Extremely cold ocean temperatures in iron formation brine pools of snowball Earth.
Kai Lu, Lianjun Feng, Ross N Mitchell, Maxwell A Lechte, Paul F Hoffman
Abstract
Open AccessFor the severe low-latitude "snowball Earth" glaciations, glacial deposits occurring on all continents is well-established. However, cold, salty, ice-covered oceans-a salient prediction of snowball Earth-is difficult to establish geologically. Here we demonstrate that anomalously high iron isotope values (δ56Fe) of snowball iron formation-never observed in earlier anoxic Archaean oceans-can be attributed to additional temperature-dependent fractionation in extremely cold brine pools in the snowball ocean. Experiments and modeled fractionations relevant to the precipitation of iron formation demonstrate temperature-dependent δ56Fe fractionation, where colder temperatures correspond with more positive δ56Fe.
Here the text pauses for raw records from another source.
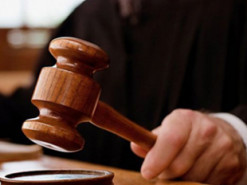 У Харкові чоловіка засудили за антиукраїнські пости у соцмережах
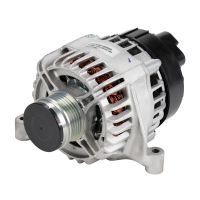 Alternator New Denso 120 A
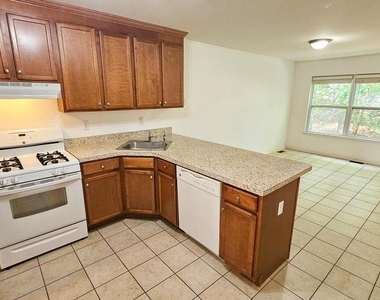 380 Radio Road - Photo Thumbnail 2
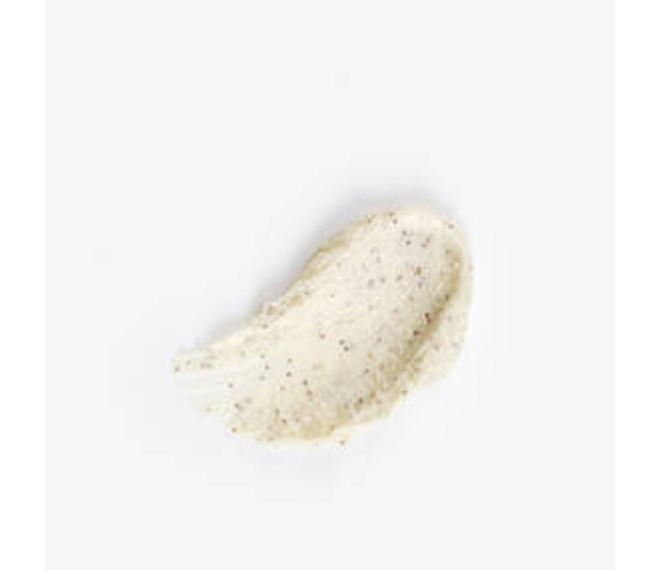 KIEHL'S Facial Fuel Energizing Scrub
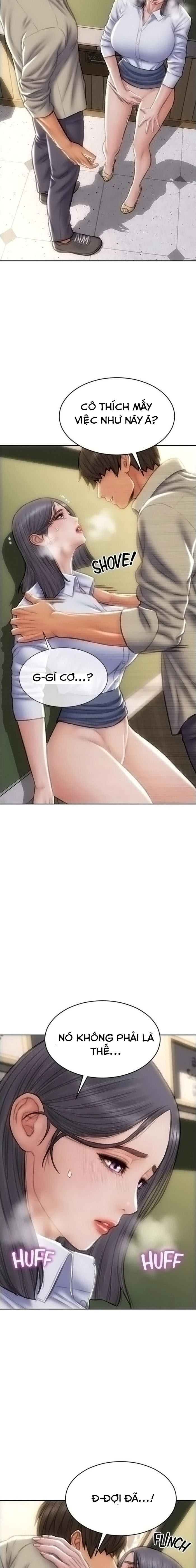 chapter-49-12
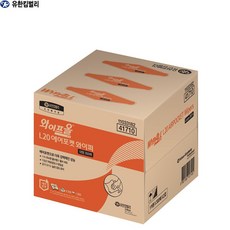 YH 페이퍼타올 와이퍼올 산업용타올 흡착제 기름닦는타올 보루 걸레 기름걸레 오일제거 기름제거 흡착종이 기름흡착제 공업용타올 공구, 1개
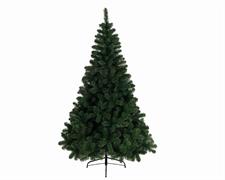 ALBERO DI NATALE 450 CM IMPERIAL PINE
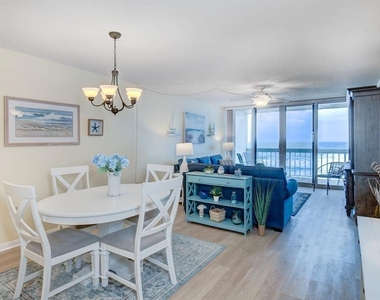 9940 S Ocean Drive - Photo Thumbnail 1
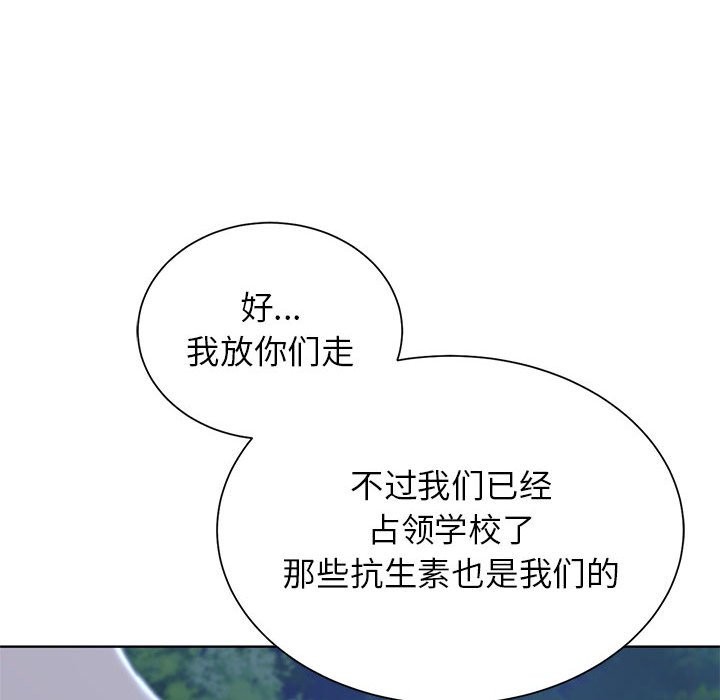 [韩国漫画] 危险同学会 剧情,女学生#[205P]-25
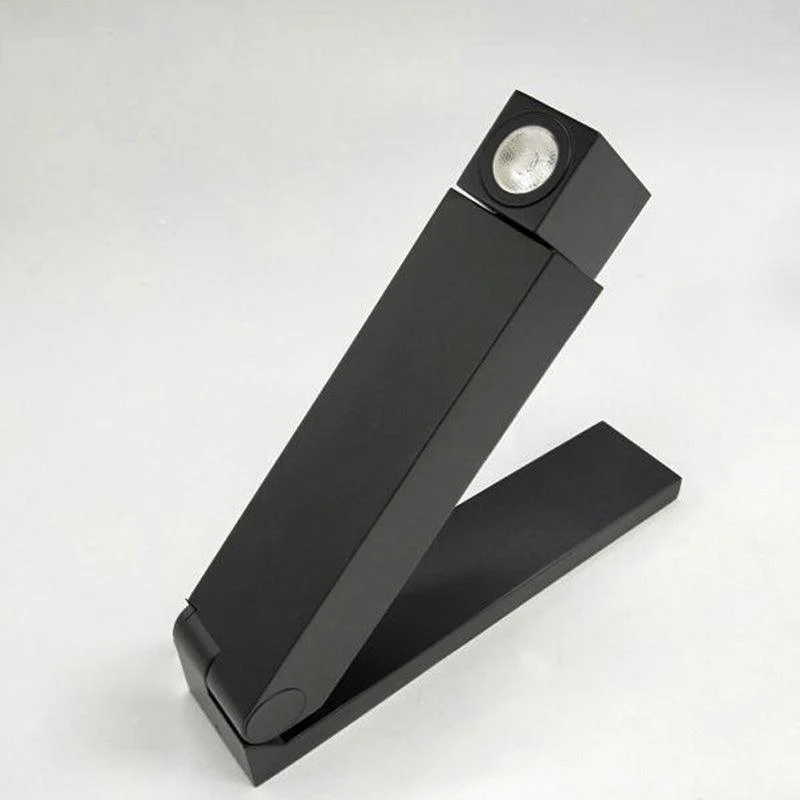 Phase LED Modern Minimalist Bedside Bedroom Wall Light - Image 14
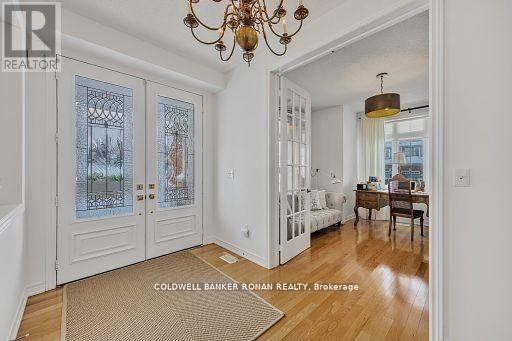 71 Cauthers Crescent, New Tecumseth, Ontario  L9R 0L2 - Photo 10 - N12943012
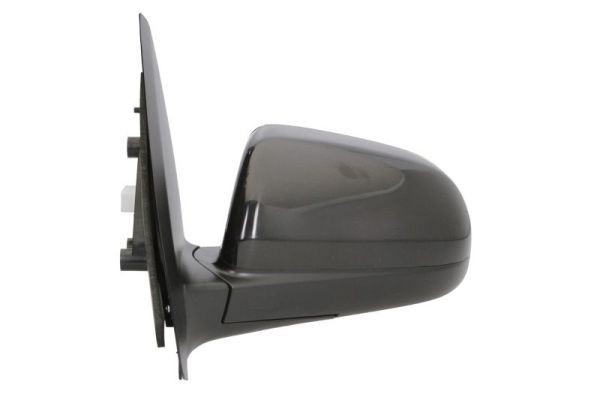 Espejo izquierdo Chevrolet Aveo II hatchback (T250, T255) (2006 - 2011) precio, desde 66,79 EUR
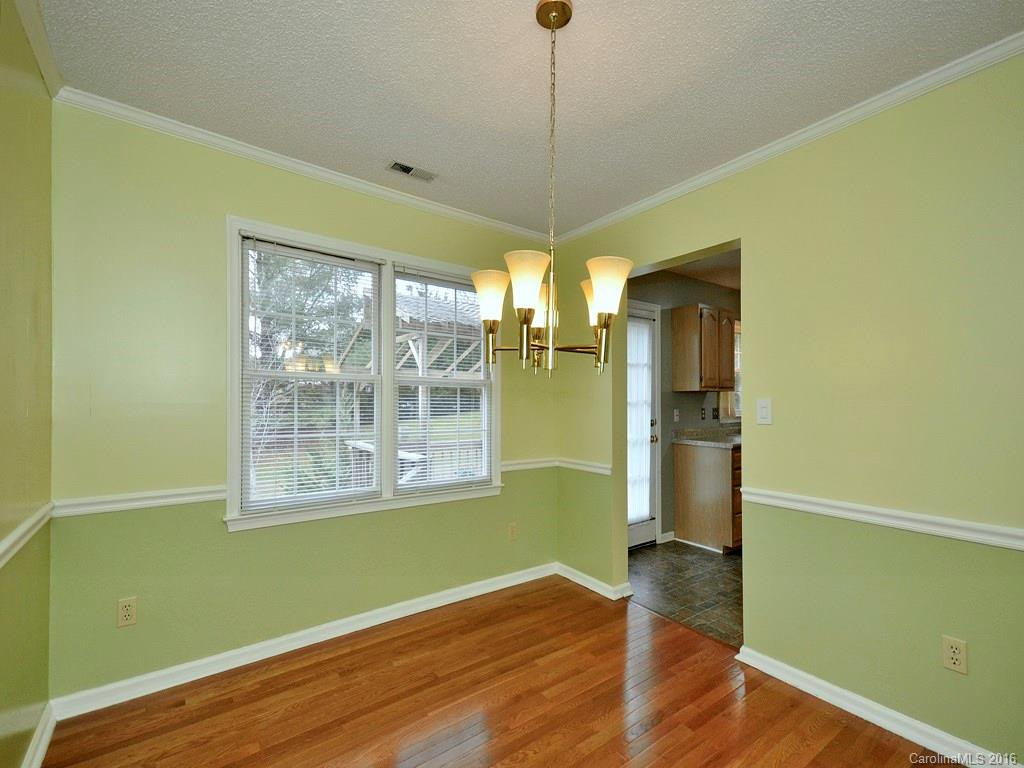 116 Hyacinth Lane - Photo 7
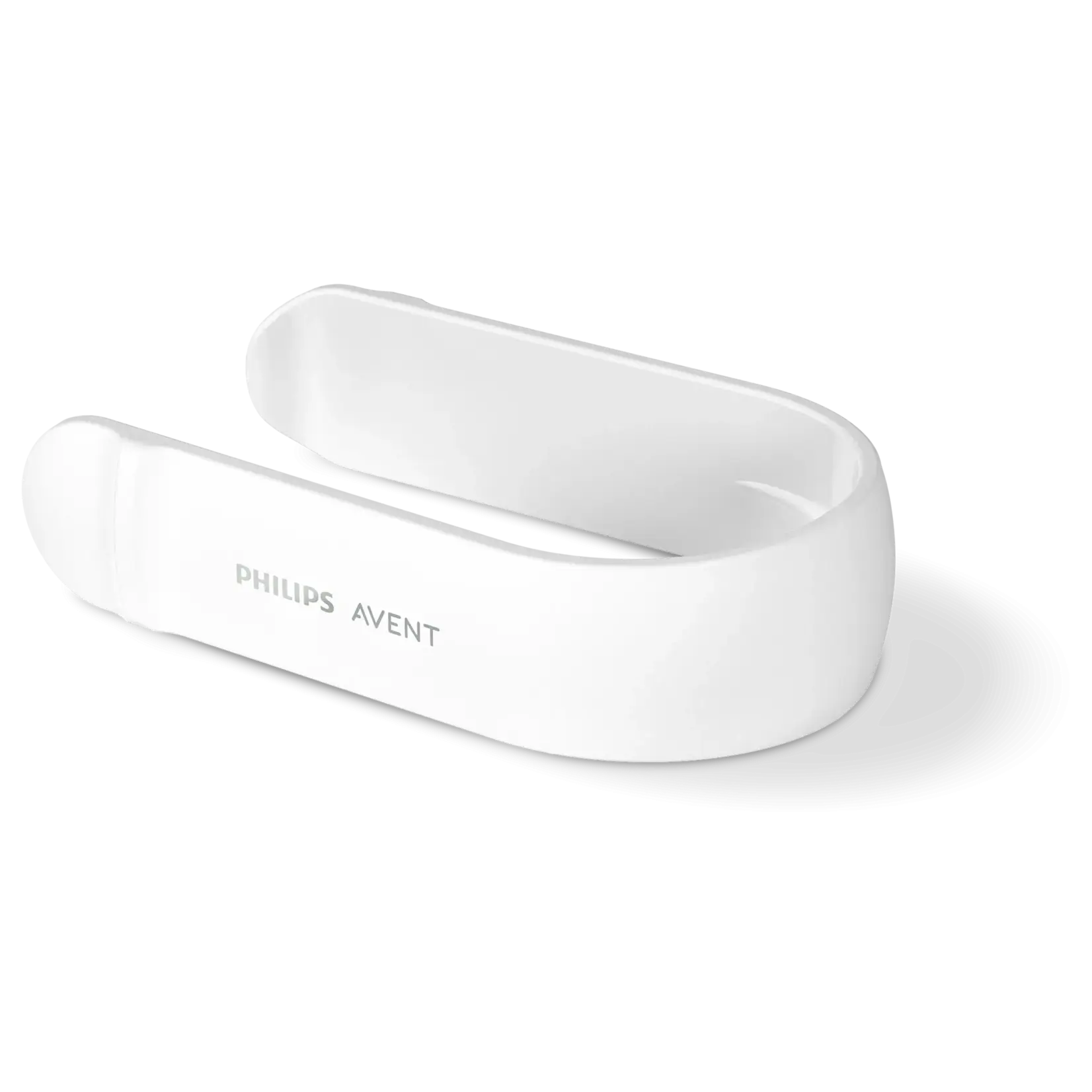 Philips-Avent Philips-Avent - Elektrische stoomsterilisator & droger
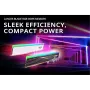 adata-xpg-lancer-blade-rgb-32gb-ddr5-6000mhz-desktop-memory-1000px-v0006.webp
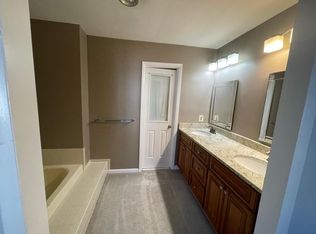 8505 Jeffersonian Ct, Vienna, VA 22182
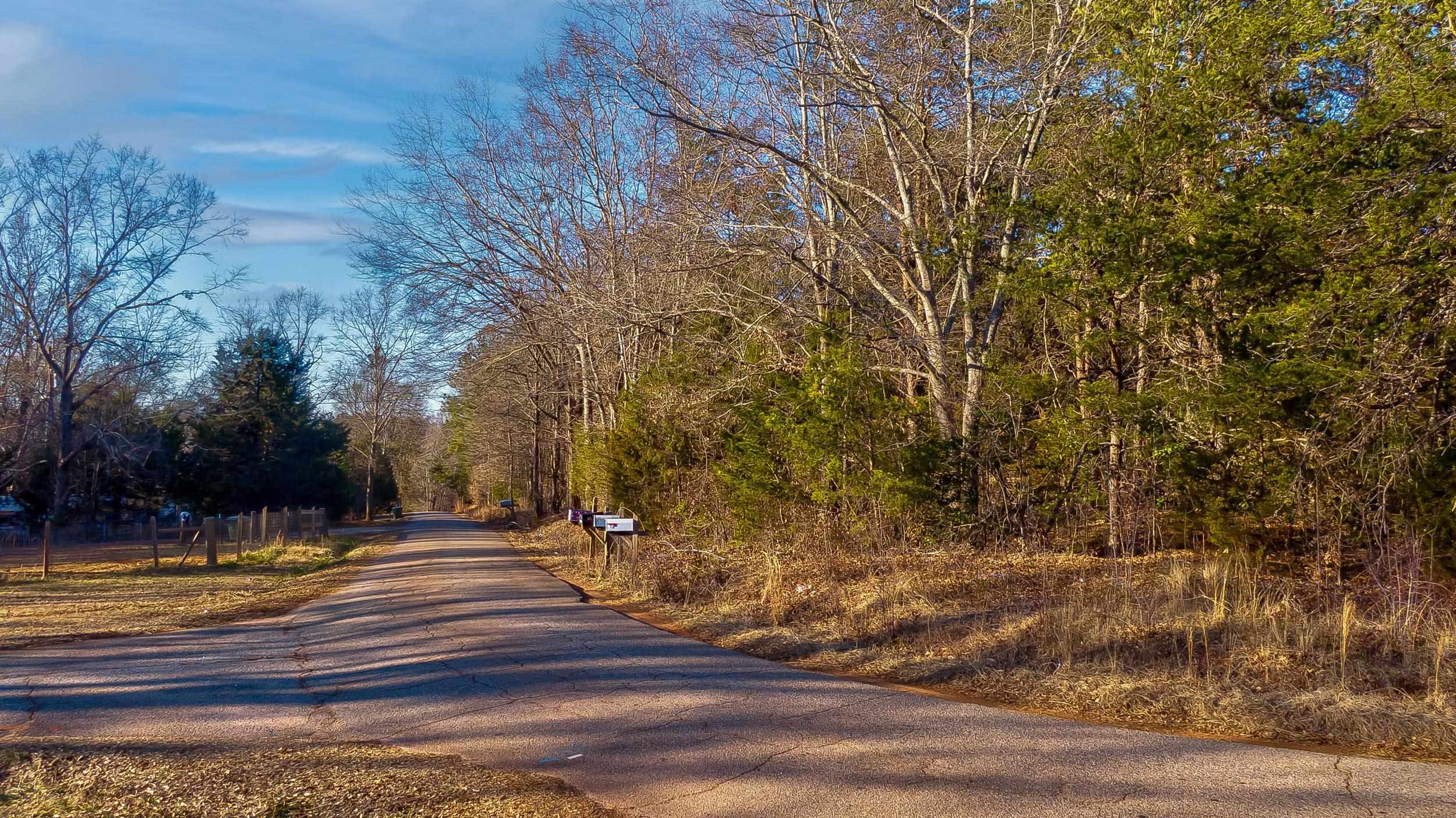 2307 11th Highway Chesnee, SC 29323 - Photo 11 of 14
Assuming the ~ 0.9‰ differential in δ56Fe values of snowball iron formation in excess of those preceding the Great Oxidation Event is due to temperature-dependent fractionation, we calculate that the temperature of the iron formation brine pools was -15 ± 7°C. Such cold snowball brine pools, colder than those in Antarctic margins today, represent Earth's coldest recorded ocean temperatures.